For local execution (no SSH/Docker):
FLYDSL_DEBUG_ENABLE_DEBUG_INFO=1 PYTHONPATH=./ <CMD>
Workflow
Step 1: Deploy test script to remote container (if remote)
Step 2: Discover kernel names (if pattern not provided)
Step 3: Configure input.yaml with kernel_include_regex
Step 4: Run rocprofv3 -i input.yaml to collect ATT trace
Step 5: Find and download latest ui_output_agent_* to local
Step 1: Deploy Test Script
If running on a remote container, copy the test script:
scp $TEST_SCRIPT $USER@$HOST:/tmp/
ssh $USER@$HOST "docker cp /tmp/$TEST_SCRIPT $CONTAINER:/tmp/"
If the test script is already on the remote (e.g., in the FlyDSL tests dir), skip this step.
Step 2: Kernel Discovery (if no pattern provided)
Run rocprofv3 in stats mode to list kernel names:
ssh $USER@$HOST \
"docker exec -e PYTHONPATH=<flydsl_root>/python:<flydsl_root>/tests \
$CONTAINER bash -c \
'cd /tmp && rocprofv3 --stats --kernel-trace -f csv -o /tmp/discover -- python $TEST_SCRIPT 2>&1'"
rocprofv3 --stats --kernel-trace -f csv -o /tmp/discover -- python $TEST_SCRIPT 2>&1
Parse output to find kernel names:
cat /tmp/discover_kernel_stats.csv
Present the kernel list and let the user pick, or auto-select the FlyDSL/target kernel
(typically contains pa_decode, kernel_0, or the function name from the test script).

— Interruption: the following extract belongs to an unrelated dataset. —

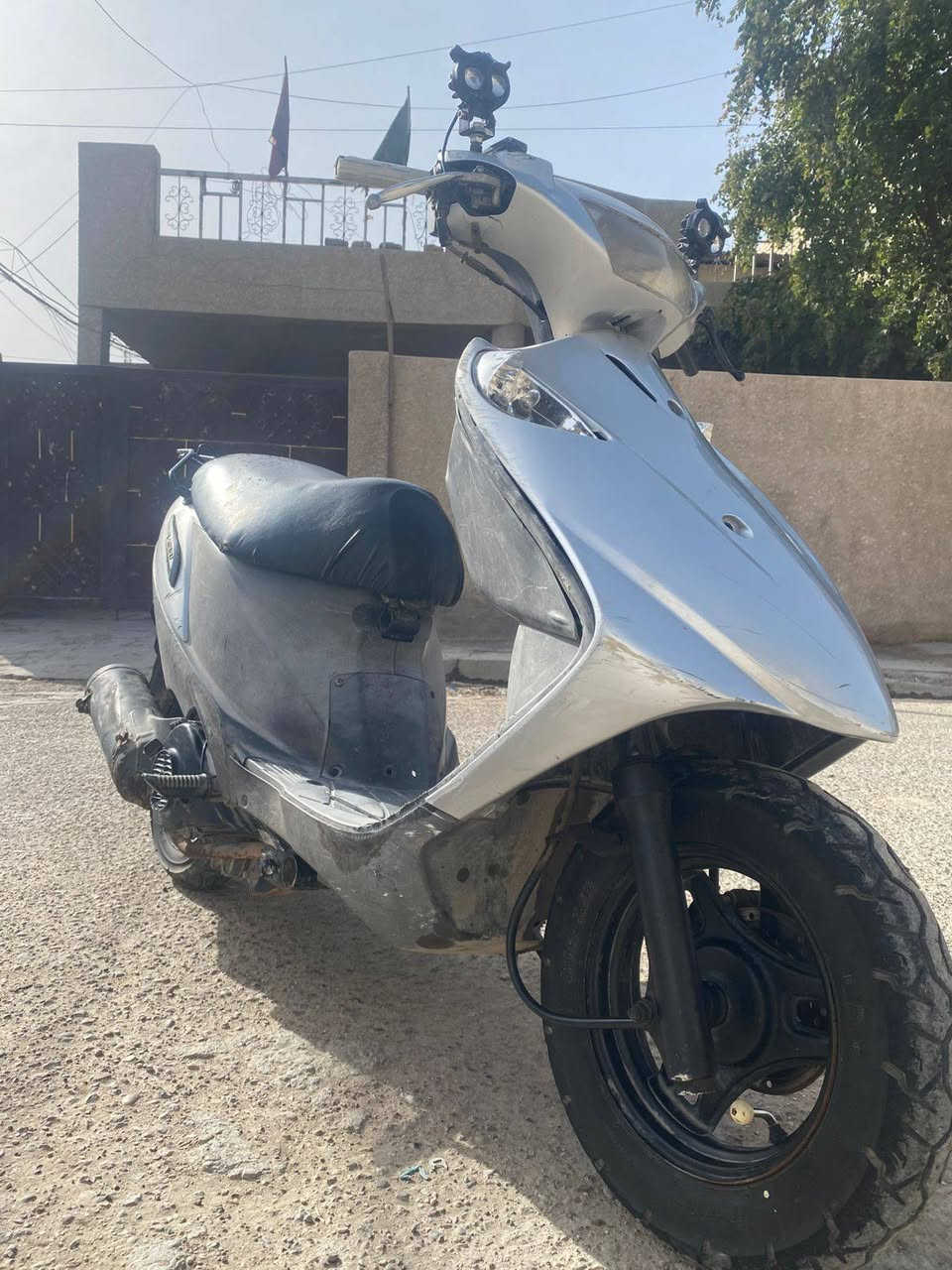 السلام عليكم دراجه ادرس نضيفه 80‎%‎ مكينه بلادي . سلف وهندر كامله على اخر حبه السعر 300 وبيها مجال . ***********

Step 3: Configure input.yaml
Create the input.yaml with the target kernel_include_regex:
jobs:
-
kernel_include_regex: <KERNEL_PATTERN>
kernel_iteration_range: "[1, [2-4]]"
output_file: out
output_directory: /tmp/kernel_trace_output
output_format: [csv]
truncate_kernels: true
sys_trace: true
advanced_thread_trace: true
att_target_cu: 1
att_shader_engine_mask: "0xf"
att_simd_select: "0xf"
att_buffer_size: "0x6000000"
Key configuration:
kernel_include_regex: Exact name or regex from Step 2
kernel_iteration_range: "[1, [2-4]]" skips warmup (iteration 0), traces iterations 2-4
att_target_cu: 1: Single CU for manageable output
att_buffer_size: "0x6000000": 96MB per SE (increase to 0xC000000 if truncated)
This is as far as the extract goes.